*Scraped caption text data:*

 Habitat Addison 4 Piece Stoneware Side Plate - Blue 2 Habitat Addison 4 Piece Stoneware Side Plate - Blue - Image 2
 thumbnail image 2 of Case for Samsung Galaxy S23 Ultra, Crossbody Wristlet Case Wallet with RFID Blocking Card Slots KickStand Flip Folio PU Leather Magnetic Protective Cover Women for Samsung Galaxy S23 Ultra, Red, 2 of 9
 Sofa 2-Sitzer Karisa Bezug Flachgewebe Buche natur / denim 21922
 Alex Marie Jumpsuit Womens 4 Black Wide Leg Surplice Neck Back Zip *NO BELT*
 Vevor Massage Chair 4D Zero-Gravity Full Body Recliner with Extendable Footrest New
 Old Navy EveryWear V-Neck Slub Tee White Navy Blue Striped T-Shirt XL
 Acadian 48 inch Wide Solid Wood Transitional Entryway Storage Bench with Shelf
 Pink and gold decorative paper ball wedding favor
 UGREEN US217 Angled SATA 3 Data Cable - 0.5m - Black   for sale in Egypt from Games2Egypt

*ASSIGNMENT:* Each record should be transcribed exactly as it was written.

*WORKED SOLUTION:*
 Habitat Addison 4 Piece Stoneware Side Plate - Blue 2 Habitat Addison 4 Piece Stoneware Side Plate - Blue - Image 2
 thumbnail image 2 of Case for Samsung Galaxy S23 Ultra, Crossbody Wristlet Case Wallet with RFID Blocking Card Slots KickStand Flip Folio PU Leather Magnetic Protective Cover Women for Samsung Galaxy S23 Ultra, Red, 2 of 9
 Sofa 2-Sitzer Karisa Bezug Flachgewebe Buche natur / denim 21922
 Alex Marie Jumpsuit Womens 4 Black Wide Leg Surplice Neck Back Zip *NO BELT*
 Vevor Massage Chair 4D Zero-Gravity Full Body Recliner with Extendable Footrest New
 Old Navy EveryWear V-Neck Slub Tee White Navy Blue Striped T-Shirt XL
 Acadian 48 inch Wide Solid Wood Transitional Entryway Storage Bench with Shelf
 Pink and gold decorative paper ball wedding favor
 UGREEN US217 Angled SATA 3 Data Cable - 0.5m - Black   for sale in Egypt from Games2Egypt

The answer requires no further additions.